The term "uninsurable" was coined by the insurance industry itself. It refers to the fact that private insurance companies usually try to avoid insuring risks of this kind, or do so only at premiums that are substantially higher than the expected damage cost. [9]
Strong private insurance markets are characterized by the orderly matching of buyers and sellers, adequate coverage of consumers, competitive pricing and moderate government intervention. Florida's market faces structural challenges on each of those elements, and its government plays a very active role in its insurance market. [10] As Towers Watson, a consulting company, puts it:
Insurance is generally regulated at the state level, with each state having its own statutes and rules. Florida has experienced frequently changing and complex insurance regulations, which are both challenging and expensive to implement. Regulation is particularly volatile for property insurance, with periods when rates are suppressed due to public pressure on politicians. As a result, companies have not been able to charge prices that reflect their costs of operating in one of the world's most catastrophe-prone markets. The big insurers have responded by cutting back on the amount of insurance policies they are willing to write, or withdrawing from the market altogether. Florida has replaced them with a crop of generally weak homegrown companies.
The political risk in the Florida property insurance market is very high. Elections are won or lost based on proposed insurance policies that are crucial for both real estate development and affordability. Insurers sell a "promise", one essential to the flow of credit, whose value comes from insurers' ability to pay claims. As such, one can argue that Florida's current homeowners' insurance system is broken, since one major hurricane has the potential to bankrupt private insurers and the state's self-insurance programs. [12]
I. Historical Perspective
1. The First Wake-Up Call - Andrew, 1992
In 1992, after years of relative calm, category five (maximum intensity) hurricane Andrew hit South Florida. It resulted in 40 deaths, cost more than $25B in nominal dollars of damages and left a quarter of million Floridians (most of them in Miami-Dade county) with destroyed or uninhabitable homes.

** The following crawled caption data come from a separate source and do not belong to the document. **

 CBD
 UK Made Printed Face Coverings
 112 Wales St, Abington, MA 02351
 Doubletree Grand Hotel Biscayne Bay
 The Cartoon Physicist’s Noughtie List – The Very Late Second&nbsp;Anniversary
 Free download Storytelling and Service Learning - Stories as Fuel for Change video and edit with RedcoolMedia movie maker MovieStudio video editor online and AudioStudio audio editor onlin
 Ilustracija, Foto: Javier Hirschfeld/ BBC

Following the huge losses, the bankruptcy of 11 small insurance companies, the withdrawal from the state of some of the large national insurers and the sharp increases in insurance rates, Florida politicians responded by establishing market-stabilizing mechanisms, like a residual market - Citizens Property Insurance Corporation (Citizens); Florida Hurricane Catastrophe Fund (FHCF) which provides reinsurance; the Florida Insurance Guaranty Association (FIGA), which pays losses of failed insurers and the Florida Commission on Hurricane Loss Protection Methodology, which approves catastrophe models that are crucial for rate making by insurers.

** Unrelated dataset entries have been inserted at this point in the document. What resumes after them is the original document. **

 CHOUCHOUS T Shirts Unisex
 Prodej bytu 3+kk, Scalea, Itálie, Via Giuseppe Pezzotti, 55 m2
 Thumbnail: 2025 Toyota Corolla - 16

A series of 1997 reforms strengthened the ability of the state-sponsored entities to levy taxes (assessments) to pay for insurance events, and expanded their capacity to write insurance. The system lasted with a few changes until 1999, when a bad season that only grazed Florida caused the Legislature to bail out citizens. [13]
2. The 2004/2005 Season and Its Consequences
By the end of the 1990s, Florida's property insurance market had largely recovered from the effects on Andrew. However, in 2004/2005, the state was battered by a series of storms, resulting in huge losses for insurers. The global insurance and reinsurance industry had reported over $65B in losses from the hurricanes Katrina, Rita and Wilma (KRW). Further, the season drained the entire $7B that the FHCF had built up.
As a result, several insurers reduced exposure to Florida, either by declining to renew policies or by not accepting new ones. State Farm and Allstate, controlling a third of the market prior to 2004, led the wave of withdrawals, followed by Nationwide, USAA, Hartford and Travelers. As one blogger put it "The insurance market in Florida is kryptonite to viable insurance companies." [14]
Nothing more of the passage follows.